The acceptance test procedures were created as part of the design specifications. Two dummy runs of the acceptance tests were carried out at PSL to verify the correct functionality of the equipment, to identify areas of confusion and to check on the analogue and timing performance. These tests can be divided into three classes: a) Functionality, b) Timing Performance and c) Analogue Input-Output Performance.

#### A. Functionality

The functionality tests were all binary, either the DPCS functioned as intended or not. During commissioning several functionality features were modified at CRPP request, due to unforeseen implications of some of the design features. The high level programming of all of the DPCS made this possible. These tests included the testing of the state machine of the Input-Output-Controller and the compatibility of the file transfers between DPCS and VMS hosts. Tests were performed to assure that no trigger samples were missed and that the decimation facility provided the same data as the original data. At the same time, the operation of the DPCS was completely integrated into the TCV data system for control of the DPCS from the VMS environment [3].

## B. Timing Performance

#### 1) System Integration Timing

It was found that the XDR file transfer to be used between UNIX and VMS was particularly time consuming and performing data-type-independent XDR transfers led to a factor of 3 improvement in the file reads/writes. Floating point data were transferred using the machine independent features of the XDR structure but the integer data were transferred as type-independent and were explicitly byte-reorganised once received by the VMS host. The data for a 61,000 point full acquisition requires 50 seconds to be re-configured between the Input-Output-Controller (IOC) memory and the SUN disk (about 40 MB). Reading and unpacking the data from this NFS-mounted file and storing it into the TCV data structures takes a further 390 seconds. The total time for this maximum quantity of data from IOC memory to TCV data disks is therefore 440 seconds. Normally, we will expect to upload about 10% of this; a 6,000 point data transfer takes 44 seconds to complete. There is certainly room for improvement here using other data transfer mechanisms if ever the performance gain were to justify the effort required.

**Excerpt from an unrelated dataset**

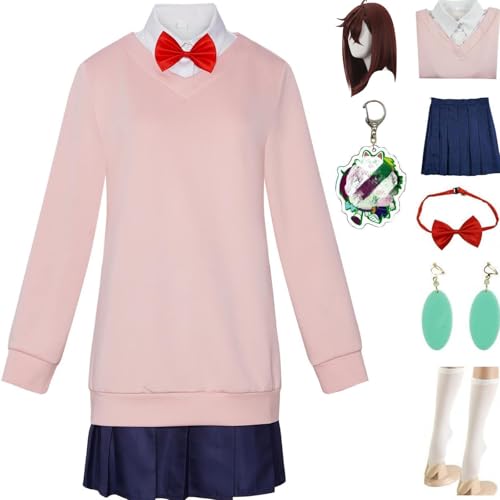 HSZCSMGS Momoayase Cosplay Kostüm Top Rock Perücke Set Shiratori Aira Cosplay Kostüm Halloween-Party (Rosa + Perücke, XXL) von HSZCSMGS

The time between new data being created for the subsequent TCV discharge, corresponding to re-programming of the waveforms, for example, or modifying the control matrices, to the DPCS being ready for triggers was under 120 seconds, compatible with TCV operation. During this period, the SNAP code must be rebuilt with the new data and the new data must be transferred to the SUN host by FTP or NFS copy.

#### 2) Real-time Timing

The cycle time is dominated by the Data Mover activity. Assuming a modest calculation time, a cycle time of 50 µsec was not achievable as hoped, mostly attributable to the unexpected slowness of the VME BLT to the SNAP. The figure of 65 µsec finally achieved was already predicted during development once this problem had been identified. For TCV, the extra cycle time from 50 – 65 µsec is not considered to be significantly penalising and it is not clear that the SNAP calculation for realistic control calculations is going to beat this figure anyway. The CRPP therefore decided to accept the 65 µsec basic cycle time limit in preference to speed enhancements proposed by PSL which would have been at the price of reductions in the basic functionality.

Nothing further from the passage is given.